The leader of the Kurdistan Islamic Group, Ali Bapir, on December 14 accused forces linked to the two main Kurdish political parties, the Patriotic Union of Kurdistan and the Kurdistan Democratic Party, of arresting and torturing a number of his group's members without charges, the Kurdish daily "Aso" reported the same day.
"Some statements have been squeezed out of prisoners under interrogation and torture, and later they were indicted," Bapir said. "There are people serving three or four years in prison without any charges. Some prisoners have been threatened that members of their families could be raped if they did not confess and sign certain documents."
Also, a December 13 report by the UN Integrated Regional Information Networks found conflicting accounts concerning the treatment of female prisoners in Iraqi detention centers. The Interior Ministry declared that there are very few, if any female prisoners, but those that are detained are held in special facilities and treated with respect. The U.S. military contends that it has no information regarding women detainees being held in Iraqi prisons.
But according to Women's Affairs Minister Fatin Abd al-Rahman Mahmud, female prisoners are being held in "appalling conditions, often without charge, and are sometimes raped and tortured."
She added: "We don't know the exact number of female prisoners, but there are many being held in different prisons -- even though the [other ministries in the] government and U.S. forces deny it. They are afraid of a counterattack from the country's conservative society."
Allegations Undermine Government, Security
The government of Prime Minister Nuri al-Maliki has taken significant steps to combat corruption and weed out militia elements from the Interior Ministry and its associated security forces. On October 17, Interior Minister Jawad al-Bulani reassigned three top police commanders suspected of having links to Shi'ite death squads (see "RFE/RL Newsline," October 18, 2006). And on October 4, the government suspended an entire brigade from the national police and ordered them to undergo re-retraining and revetting after allegations surfaced that some of them were linked to Shi'ite death squads (see "RFE/RL Newsline," October 5, 2006).
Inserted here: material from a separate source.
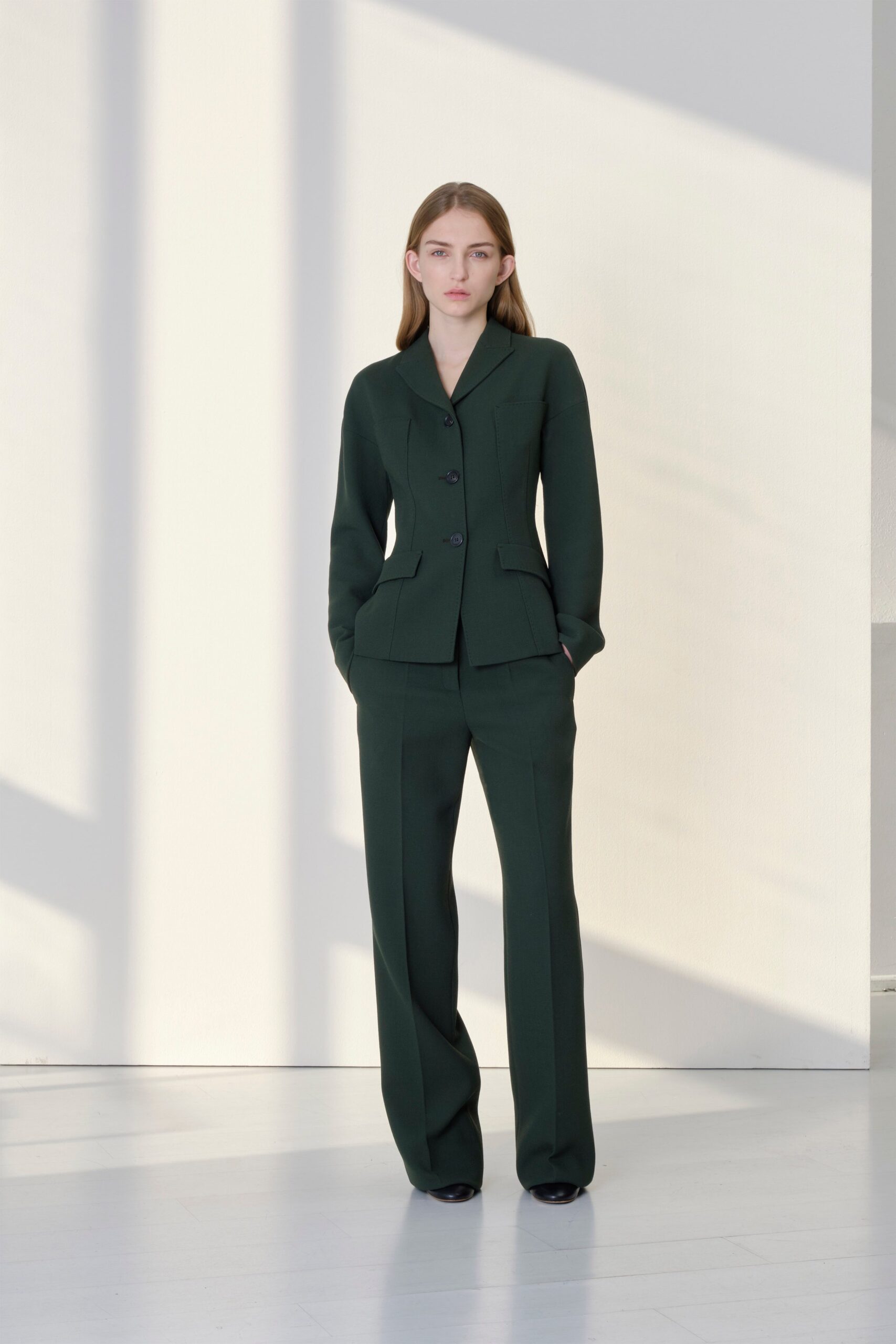 green tailored wool suit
Despite these efforts, continuing allegations of prisoner abuse at Iraqi-run detention facilities hang like a cloud over the Iraqi government. These charges recall the similar brutality displayed during the regime of former President Saddam Hussein, which undercuts the government's legitimacy in the eyes of the Iraqi people.
Moreover, suspected "rogue" elements such as the unit at the police station in Al-Basrah underscore the impression that the government is unable to control these forces, heightening the fear among Sunnis, who may feel obliged to take up arms to protect themselves. This increases the likelihood of a serious armed conflict and continuing instability.
Fuel For Propaganda
What's more, revelations that Shi'ite militiamen under the cover of the Iraqi security services have participated in the torture of Sunni prisoners may dissuade members of the Sunni-led insurgency from laying down their arms and joining the political process. This would deal a severe blow to any efforts by the Iraqi government to initiate a national reconciliation plan.
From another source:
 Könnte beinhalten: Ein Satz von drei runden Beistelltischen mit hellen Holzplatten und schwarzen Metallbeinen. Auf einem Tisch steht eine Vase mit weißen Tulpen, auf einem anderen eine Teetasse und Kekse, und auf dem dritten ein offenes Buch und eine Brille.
While abuse allegations undermine the government, they also give legitimacy to the armed insurgency and terrorist groups. Accusations of torture are an effective means of mobilizing fearful and disillusioned Iraqis who have lost faith in the government, and serve as an effective recruiting tool.
On November 20, the "Mujahedin News" website posted links to a 57-minute video clip attributed to Al-Furqan Media Productions titled "Free the Prisoners." The video calls on Muslims to do their part to free Sunni prisoners in U.S.-run and Iraqi government prisons, and includes footage from Al-Jazeera television showing Sunnis displaying scars, allegedly the product of torture in government-run detention facilities. (By Sumedha Senanayake. Originally published n December 28.)
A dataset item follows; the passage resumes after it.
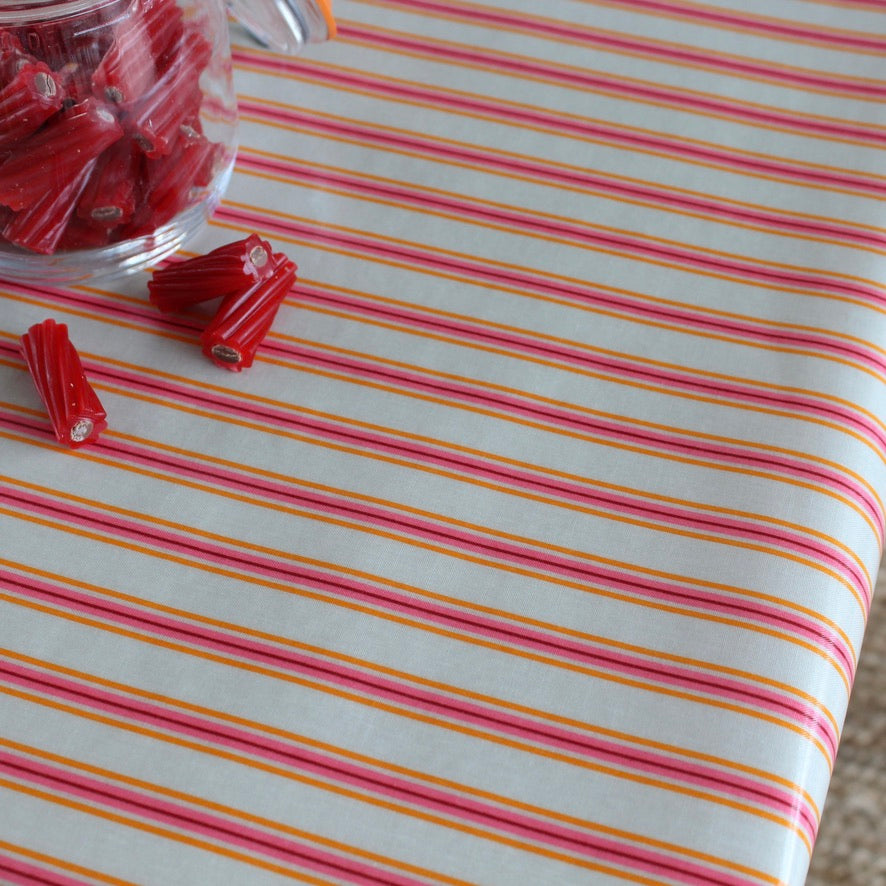 A close-up of a striped oilcloth with alternating pink, orange, and yellow lines on a white base, with a small clear jar of red candy pieces and a few loose red pieces in the upper left.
ISTANBUL CONFERENCE ENFLAMES SECTARIAN TENSIONS. On December 13-14, Turkey hosted a "Conference for the Support of the Iraqi People" in Istanbul that brought together more than 150 attendees, including politicians, religious figures, intellectuals and activists, from both inside and outside Iraq.
However, the one major caveat concerning the conference was that the participants were mostly all Sunni. While the object of the conference was to discuss the situation of the Iraqi people under the U.S. occupation, the current political crisis, and the seemingly unending violence, there was no denying the sectarian nature of the conference.
The conference highlighted the "systematic marginalization of the Sunnis; the targeting of their ulema [Muslim scholars], imams, areas, mosques; and the liquidation of their men and women based upon their identity," according to the final statement of the conference that appeared on the Muslim Scholars Association's website on December 15.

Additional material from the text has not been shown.